# Computing Coefficient of Correlation: Calculation Process

_{December 10, 2023 by JoyAnswer.org, Category : Mathematics}

How do you calculate coefficient of correlation? Learn the process of calculating the coefficient of correlation. This article provides guidance on computing correlation coefficients between variables.

## How do you calculate coefficient of correlation?
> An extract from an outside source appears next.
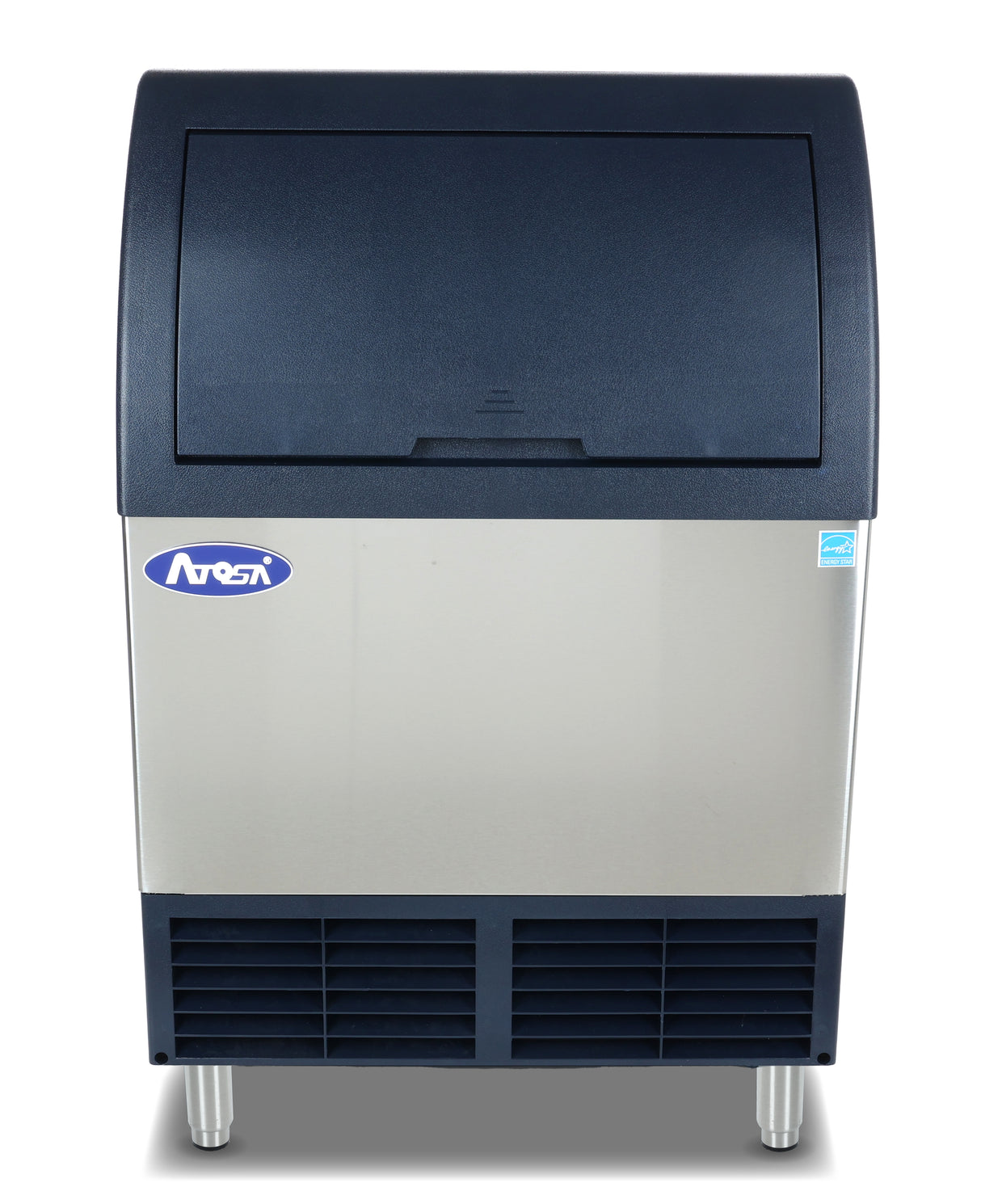 A commercial cube-style ice machine with a stainless steel body, black front panel, and bottom vent. The flip-up door accesses the stainless steel ice bin, while four metal legs support the unit. A blue brand logo sits on the upper left.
The coefficient of correlation, often denoted as $r$, is a statistical measure that quantifies the strength and direction of a linear relationship between two variables. There are different methods to calculate the coefficient of correlation, but one of the most common is Pearson's correlation coefficient. Here's how you can calculate it:

### Pearson's Correlation Coefficient ($r$):

#### Step 1: Understand the Formula:

The formula for Pearson's correlation coefficient is:

$r = \frac{\sum{(X_i - \bar{X})(Y_i - \bar{Y})}}{\sqrt{\sum{(X_i - \bar{X})^2} \cdot \sum{(Y_i - \bar{Y})^2}}}$

Where:

- $X_i$ and $Y_i$ are the individual data points.
- $\bar{X}$ and $\bar{Y}$ are the means of the X and Y datasets, respectively.

#### Step 2: Calculate the Means:

Calculate the mean ($\bar{X}$) and ($\bar{Y}$) of the X and Y datasets.

$\bar{X} = \frac{\sum{X_i}}{n}$$\bar{Y} = \frac{\sum{Y_i}}{n}$

Where $n$ is the number of data points.

#### Step 3: Calculate the Numerator:

$\sum{(X_i - \bar{X})(Y_i - \bar{Y})}$

Subtract the mean of X from each data point in X, and the mean of Y from each data point in Y. Multiply these differences for each corresponding pair and sum them up.

#### Step 4: Calculate the Denominator:

$\sqrt{\sum{(X_i - \bar{X})^2} \cdot \sum{(Y_i - \bar{Y})^2}}$

Calculate the square of the differences between each data point and the mean for both X and Y. Sum these squared differences for each dataset and take the square root of the product of these sums.

#### Step 5: Calculate the Coefficient of Correlation:

$r = \frac{\text{Numerator}}{\text{Denominator}}$

Divide the numerator by the denominator to get the coefficient of correlation ($r$).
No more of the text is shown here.